Your assignment >> Go through the data below and work out how many lines contain "image"; the answer is the number alone.

---------- Extracted entries

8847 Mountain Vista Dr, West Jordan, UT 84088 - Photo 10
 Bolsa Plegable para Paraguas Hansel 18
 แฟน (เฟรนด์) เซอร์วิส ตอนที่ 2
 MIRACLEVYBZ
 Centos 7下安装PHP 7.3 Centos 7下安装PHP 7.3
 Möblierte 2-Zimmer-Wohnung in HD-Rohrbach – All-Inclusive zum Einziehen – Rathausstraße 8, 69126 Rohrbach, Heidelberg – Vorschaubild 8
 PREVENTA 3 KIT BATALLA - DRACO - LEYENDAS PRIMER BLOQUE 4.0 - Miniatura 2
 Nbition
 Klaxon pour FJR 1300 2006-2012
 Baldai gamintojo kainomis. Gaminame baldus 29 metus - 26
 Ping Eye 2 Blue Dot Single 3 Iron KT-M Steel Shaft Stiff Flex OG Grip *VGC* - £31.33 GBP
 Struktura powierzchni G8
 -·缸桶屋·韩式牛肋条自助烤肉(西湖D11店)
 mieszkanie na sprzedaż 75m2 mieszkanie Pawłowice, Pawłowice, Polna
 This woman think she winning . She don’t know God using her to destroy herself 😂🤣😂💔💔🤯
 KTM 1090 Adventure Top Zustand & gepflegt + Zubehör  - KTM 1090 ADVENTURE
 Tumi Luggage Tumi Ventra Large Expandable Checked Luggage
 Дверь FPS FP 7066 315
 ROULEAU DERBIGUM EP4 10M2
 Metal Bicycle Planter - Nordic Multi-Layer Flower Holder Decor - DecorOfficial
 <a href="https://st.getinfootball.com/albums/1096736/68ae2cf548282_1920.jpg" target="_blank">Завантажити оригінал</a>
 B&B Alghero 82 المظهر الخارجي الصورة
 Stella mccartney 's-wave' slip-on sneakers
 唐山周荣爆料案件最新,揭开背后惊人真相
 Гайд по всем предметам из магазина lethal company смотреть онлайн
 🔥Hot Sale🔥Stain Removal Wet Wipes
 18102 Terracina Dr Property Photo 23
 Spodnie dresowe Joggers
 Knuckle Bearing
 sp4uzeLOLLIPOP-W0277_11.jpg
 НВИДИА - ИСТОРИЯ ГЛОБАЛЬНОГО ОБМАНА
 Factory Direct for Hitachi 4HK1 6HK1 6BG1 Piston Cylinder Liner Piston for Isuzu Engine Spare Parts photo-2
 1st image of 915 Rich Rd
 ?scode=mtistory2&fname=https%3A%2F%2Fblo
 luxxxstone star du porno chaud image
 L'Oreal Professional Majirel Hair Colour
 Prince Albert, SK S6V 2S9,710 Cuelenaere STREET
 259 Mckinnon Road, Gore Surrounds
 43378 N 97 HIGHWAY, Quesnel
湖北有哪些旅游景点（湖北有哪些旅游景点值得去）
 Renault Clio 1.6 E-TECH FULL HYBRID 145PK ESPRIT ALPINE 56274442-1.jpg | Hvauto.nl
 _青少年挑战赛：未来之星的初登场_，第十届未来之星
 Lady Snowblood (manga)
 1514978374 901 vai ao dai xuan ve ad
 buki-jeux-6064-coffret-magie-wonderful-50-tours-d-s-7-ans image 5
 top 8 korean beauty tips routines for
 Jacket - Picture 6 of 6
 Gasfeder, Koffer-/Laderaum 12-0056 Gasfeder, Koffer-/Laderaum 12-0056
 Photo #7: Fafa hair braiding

--------------------

Exercise result >> 3